> _Source records_
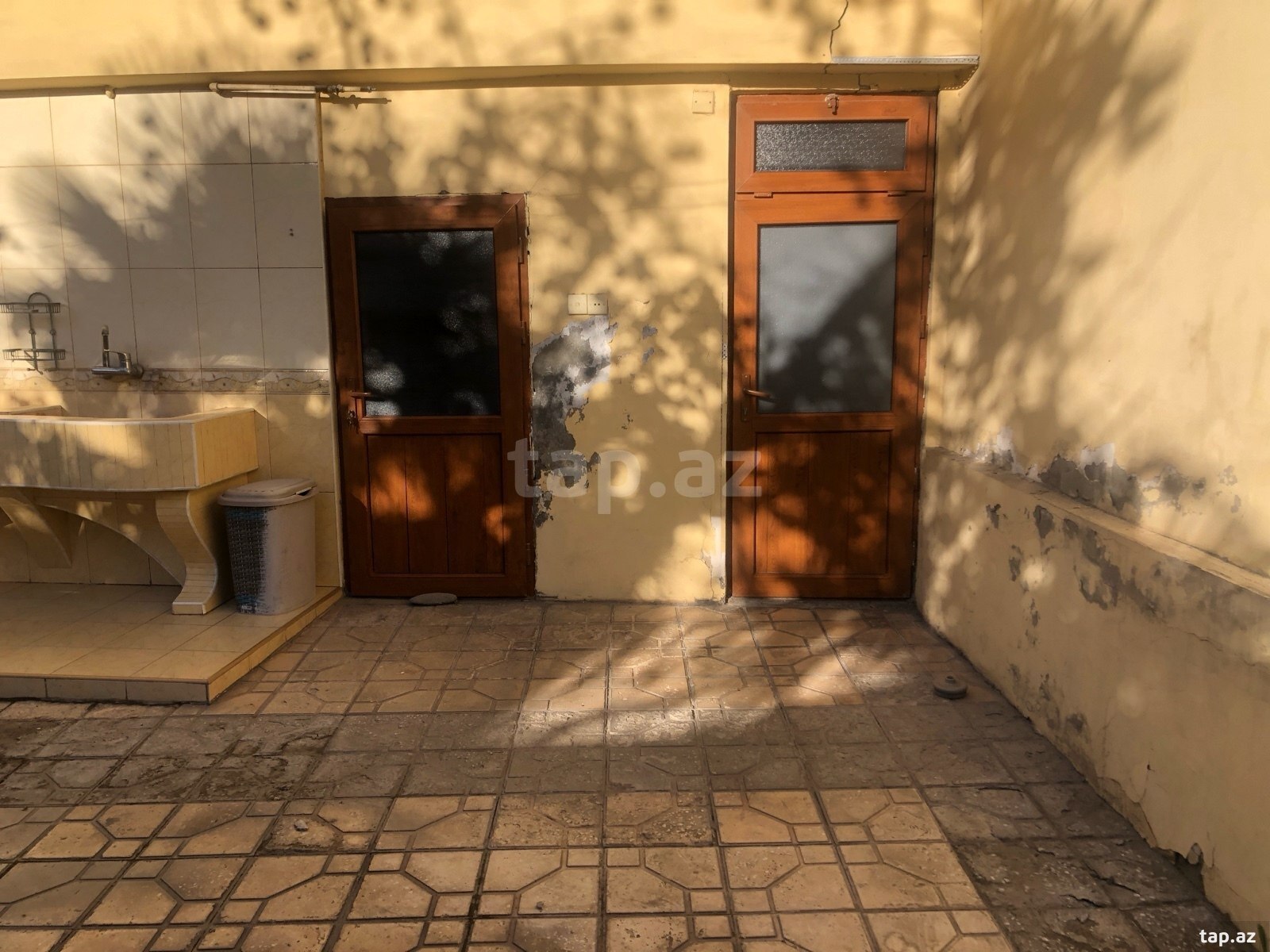 5 otaqlı həyət evi satılır, Gəncə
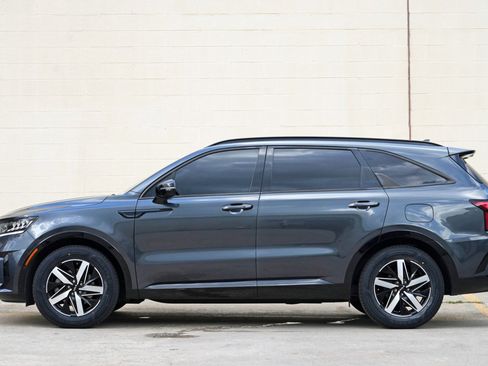 Used 2023 Kia Sorento S FWD image 8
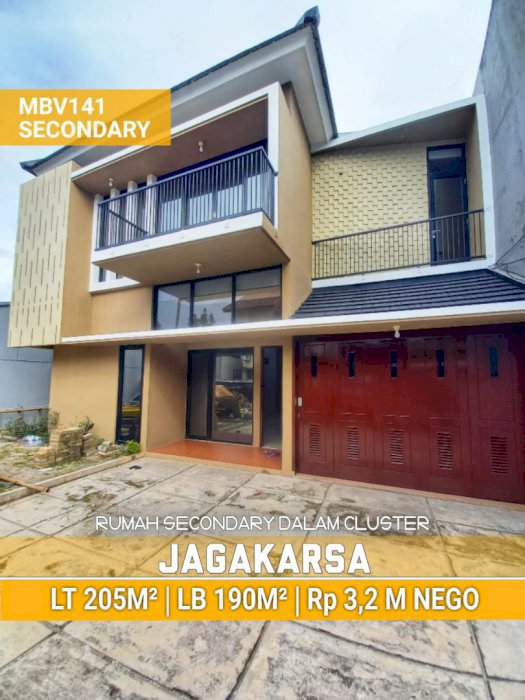 Rumah siap huni 2 lantai Jaksel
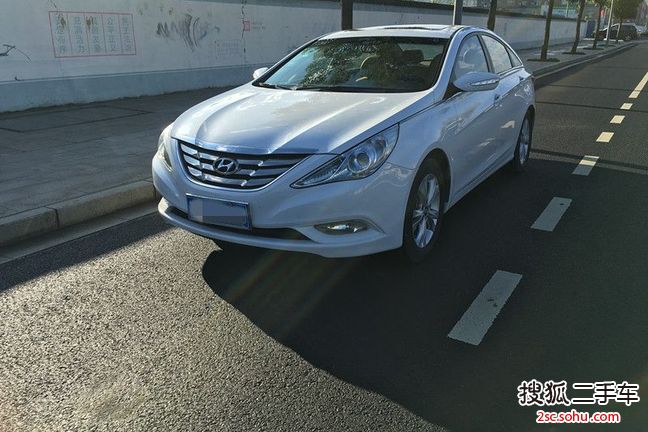 现代索纳塔八2013款2.0L 自动领先版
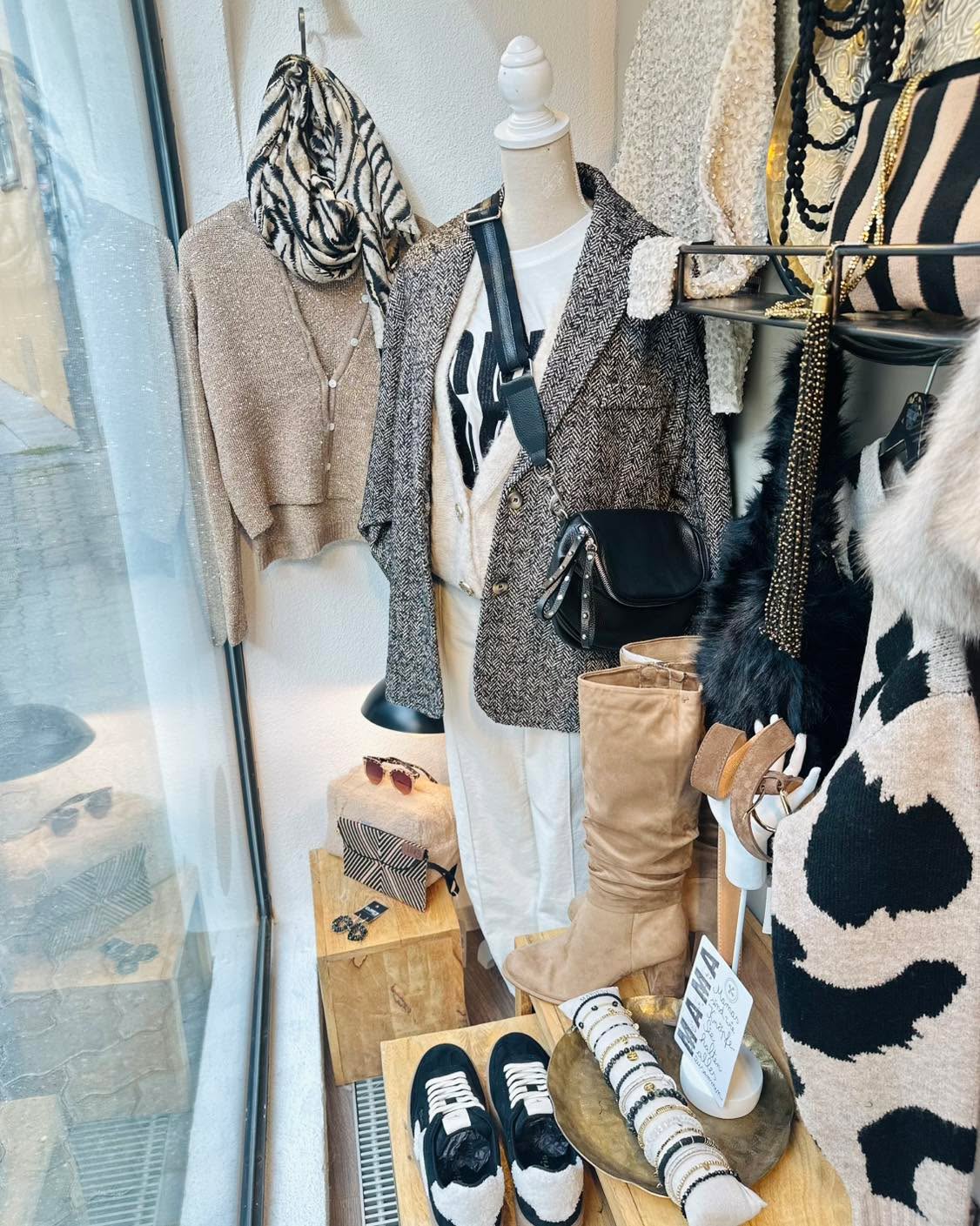 New season, new style. š
Unsere Ćffnungszeiten:
Montag-Freitag 9 - 18 Uhr
Samstag 9 - 17 Uhr
@cubes_baden
ā
Hier findet ihr uns:
CUBEāS M2 Rathausgasse 8, 2500 Baden
CUBEāS M³ Rathausgasse 12, 2500 Baden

> _What you are asked to do_
From the data above, pick out each line containing "Rathausgasse" and copy it.

> _Expected answer_
CUBEāS M2 Rathausgasse 8, 2500 Baden
CUBEāS M³ Rathausgasse 12, 2500 Baden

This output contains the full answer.